Nuestros telescopios e investigaciones
matemáticas aseguran en todos sentidos, y a pesar del confusionismo de la más
ignorante clerecía, que el espacio, y, por consiguiente, el volumen, constituye
una importante consideración a los ojos del Todopoderoso. Las órbitas por las
que se mueven los astros son las más adaptadas para la evolución sin choque del
mayor número posible de cuerpos. Las formas de estos cuerpos están exactamente
dispuestas de manera que una superficie determinada pueda contener la mayor
cantidad de materia, y están dispuestas para acomodar una población más densa
de la que hubiesen podido acomodar si hubiesen estado dispuestas de otro modo.
No existe argumento contra la idea, aunque el espacio sea infinito, de que el
volumen tiene valor a los ojos de Dios, porque puede haber una infinita materia
para llenarlo. Y puesto que vemos claramente que el dotar a la materia de
vitalidad es un principio y, por lo que podemos juzgar, el principal de todos
en las operaciones de la Divinidad, carecería de toda lógica el imaginar a Dios
confinado en las regiones de lo minúsculo, donde diariamente se nos revela, y
no extenderse a las regiones de lo augusto. Cuando describimos círculos dentro
de círculos sin fin, evolucionando todos alrededor de uno, único y distante, que
es la cabeza de Dios, ¿no podemos suponer analógicamente que, del mismo modo,
hay una vida dentro de otra, la menor dentro de la mayor, y todo dentro del
Espíritu Divino? En resumen: que erramos fatalmente por un efecto de
autoestimación, cuando creemos que el hombre, en sus destinos temporales o
futuros, es más importante que el Universo, que aquel enorme "légamo del
valle" que cultiva y desprecia y al que niega la existencia de un alma por
la sola razón, y sin que tenga otra más profunda, que la de no verla en acción.
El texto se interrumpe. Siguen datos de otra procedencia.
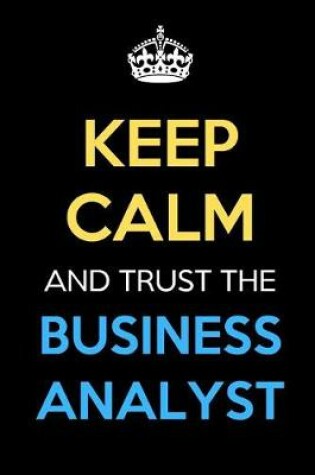 Cover of Keep Calm And Trust The Business Analyst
Estas fantasías, y otras del mismo
estilo, siempre han dado a mis meditaciones entre las montañas y las selvas,
por los ríos y el océano, un tinte de lo que la gente corriente no dejaría de
considerar fantástico. Mis vagabundeos por tales escenarios naturales han sido
muchos, de largo alcance y de ordinario solitarios. Y el interés con que he
errado por un valle profundo, o contemplado el cielo reflejado en numerosos y
brillantes lagos, ha sido un interés grandemente aumentado por el pensamiento
de que yo estaba perdido y lo observaba solo. ¿Qué charlatán francés fue el que
dijo, refiriéndose al conocido trabajo de Zimmerman, que "La solitude est
une belle chose; mais it faut quelqu'un pour vous dore que la solitude es une
belle chase"? ("La soledad es muy bonita; pero es preciso que haya
alguien que pueda decíroslo"). El epigrama no se puede contradecir; pero
tal necesidad es una cosa que no existe.
Durante uno de mis paseos solitarios,
en medio de una región muy distante, encerrada entre montañas, con tristes ríos
y lagos melancólicos que serpenteaban o dormían, me hallé por casualidad ante
un río en el que había una isla. Corría el frondoso mes de junio, y me tumbé
sobre el césped, debajo de las ramas de un oloroso y desconocido arbusto, quedándome
adormecido mientras contemplaba el paisaje. Sentí que aquella era la única
forma en que podía hacerlo; tal era el carácter fantasmagórico que ofrecía.
Por todos lados —salvo en el oeste,
donde el sol estaba casi a punto de ocultarse— se elevaban las murallas verdes
del bosque. El pequeño río, que describía una curva muy cerrada en su curso y
de este modo se ocultaba inmediatamente a mi vista hacia el este, parecía que
no podía salir de su prisión sino para ser absorbido por el follaje de los
árboles, mientras que por el lado opuesto (así me pareció mientras yacía en el
suelo, con la mirada hacia arriba) caía en el valle silenciosamente y de forma
continua una rica cascada dorada y purpúrea, lanzada por las fuentes del cielo,
allí por donde se pone el sol.
A mitad del camino, dentro de la
pequeña perspectiva que alcanzaba mi mirada, reposaba en el seno de la
corriente una pequeña isla circular, profundamente llena de verdor. "Tan
fundidas las riberas y las sombras que todo parecía suspendido en el aire".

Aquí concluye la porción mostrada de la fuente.